Prior to discharge, a dual chamber pacemaker was placed due to nonresolution of complete heart block. She remained an inpatient for a total of 6 weeks in the cardiology department. Following hospital discharge, she completed the prescribed 6 weeks total of methotrexate and MMF. A repeat check of troponin concentration was done when she was an outpatient, to monitor response to treatment, and was within normal range. She was transitioned to fulvestrant, an estrogen receptor downregulator, for treatment of her malignancy. She was not restarted on ICI therapy. She continued to follow up with cardiology, and interrogation of her device at 9 months after her initial presentation revealed continued complete pacemaker dependence.
Discussion
Although ICIs have proven to be effective against many cancers, their use is associated with IRAEs, and the T lymphocyte activation seen with ICIs is not specific for cancer cells. This activation can lead to autoimmune-like adverse events that involve various organ systems, and IRAEs have been reported to occur in 60%-80% of patients treated with ICIs.3 Cardiovascular adverse events that have been reported include myocarditis, cardiomyopathy, arrhythmias, pericarditis, vasculitis, atherosclerotic cardiovascular events, Takotsubo syndrome, and venous thromboembolism.3 Myocarditis has the highest mortality rate, estimated to be as high as 50%, and occurs in about 1% of patients treated with ICIs.3
The exact mechanism of ICI-related myocarditis is not completely understood, but it is believed to be related to the ICI inhibition of pathways that protect cardiomyocytes against autoreactive lymphocytes and therefore allow for activation of T cells targeting cardiomyocytes.6 Histologically, endomyocardial biopsies show immune infiltrates, specifically T lymphocyte infiltration expressing CD8+.7
Overall, the majority of cases occur early in the treatment course, occurring within the first 1 or 2 treatment cycles.8 Currently, no guidelines have been developed for baseline screening for ICI-associated myocarditis in patients being treated with ICIs. Workup includes laboratory studies with cardiac biomarkers, including troponin, creatine kinase-myocardial band, and N-terminal pro-brain natriuretic peptide, as well as echocardiography, although approximately 50% of patients will have preserved left ventricular ejection fraction.7 Further investigations can include cardiac magnetic resonance imaging and endomyocardial biopsy.

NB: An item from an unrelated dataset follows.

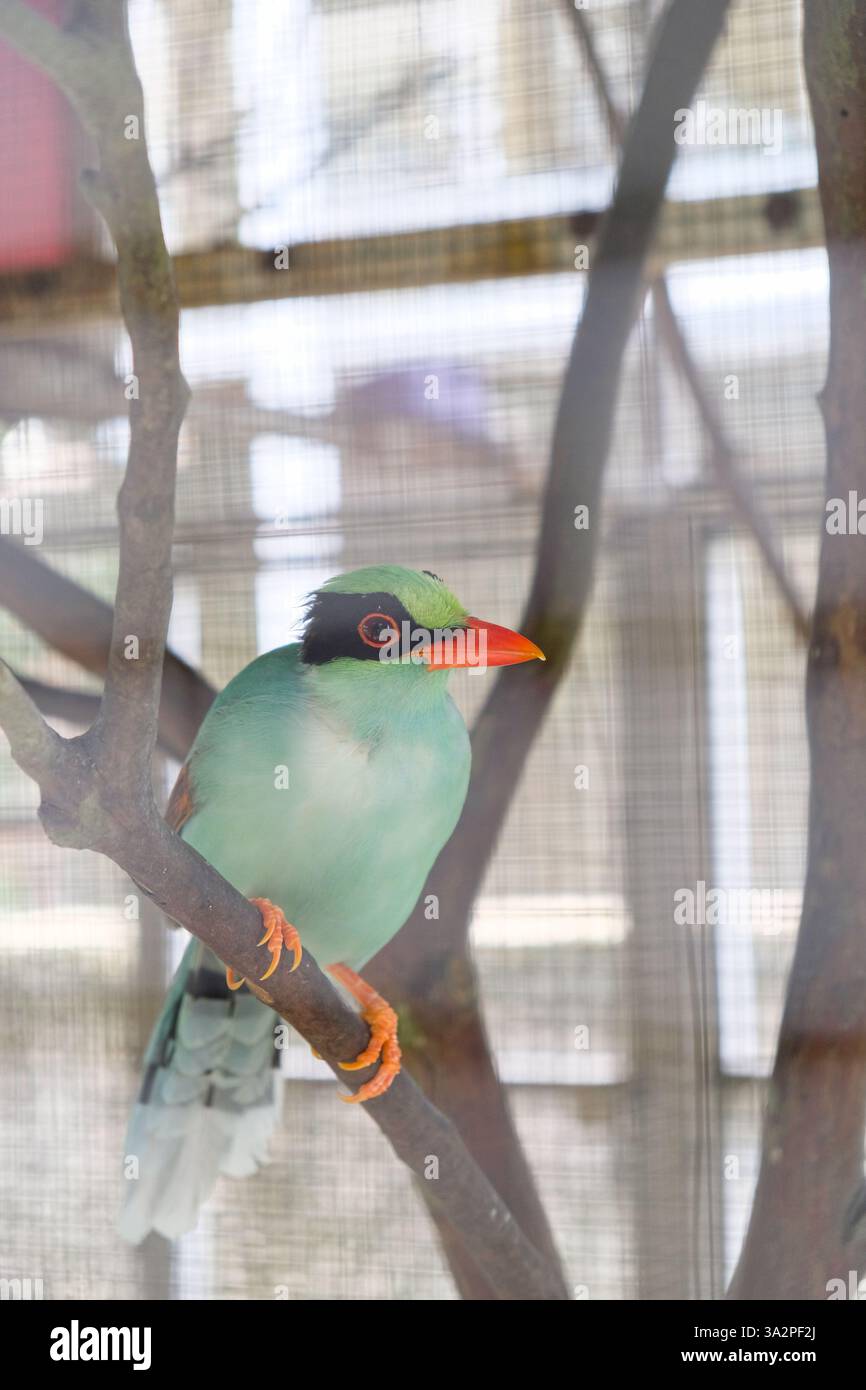 Nahaufnahme von javanischer grüner Elster oder Cissa Thalassina, die auf einem Ast sitzt. Stockfoto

Treatment includes discontinuation of ICIs and initiation of corticosteroids.3 Despite the increasing use of ICIs, no evidence-based guidelines have been established for management of their known IRAEs. Beyond glucocorticoids, which are typically considered the first line of treatment, alternative treatments are based on case reports.4 Troponin concentrations are monitored serially to assess response to treatment, with escalation if the patient fails to respond or worsens.7
Our case report characterizes the response to combination immunosuppressive therapy of abatacept, methotrexate, and MMF in a patient with steroid-induced psychosis. This information can be used to guide similar cases, and treatments should be reviewed in a larger analysis. Despite the unlikelihood of large trials, any research into the efficacy of immunosuppressive combinations used as therapy for ICI-associated myocarditis would benefit the management of this potentially growing group of patients.
Conclusion
Alternative treatments, besides high-dose steroids for ICI-associated myocarditis, warrant further investigation, and prospective trials are needed to determine if other treatment options are superior.
Novel Teaching Points.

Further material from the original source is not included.